#### [Task description]
Note on the material below: return exactly the lines from the line that holds "Getty Images Sheep" through the line that holds "momen lucu perbaikan", and leave out each picture.

#### [Data]
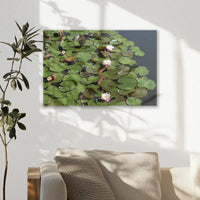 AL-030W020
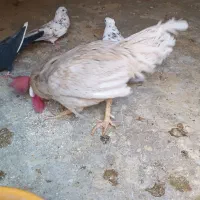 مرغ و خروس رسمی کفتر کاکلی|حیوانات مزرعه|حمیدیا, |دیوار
--
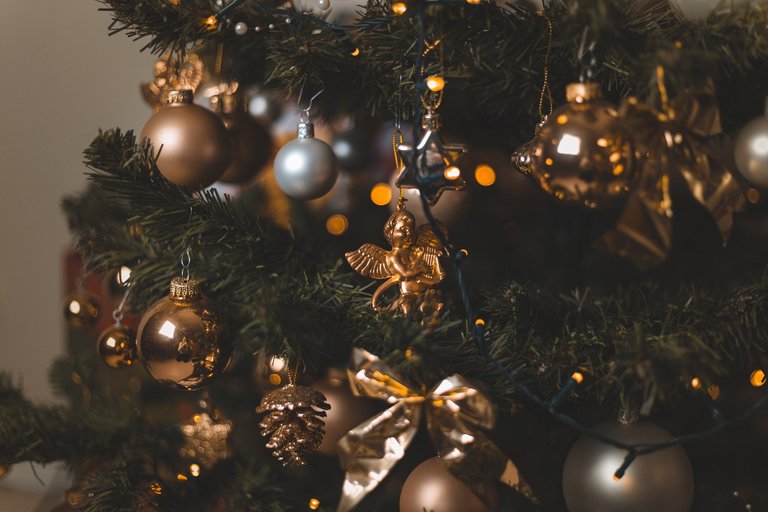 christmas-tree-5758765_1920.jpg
...
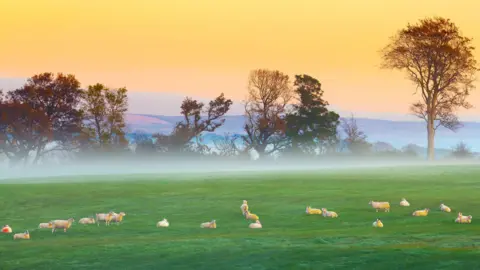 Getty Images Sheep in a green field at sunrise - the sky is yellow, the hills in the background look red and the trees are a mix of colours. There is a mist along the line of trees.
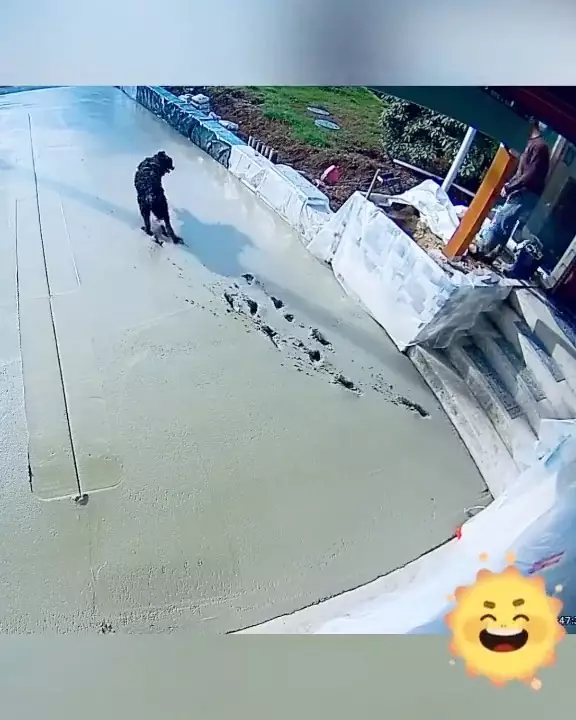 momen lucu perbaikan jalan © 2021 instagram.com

#### [Solution for this exercise]
 Getty Images Sheep in a green field at sunrise - the sky is yellow, the hills in the background look red and the trees are a mix of colours. There is a mist along the line of trees.
 momen lucu perbaikan jalan © 2021 instagram.com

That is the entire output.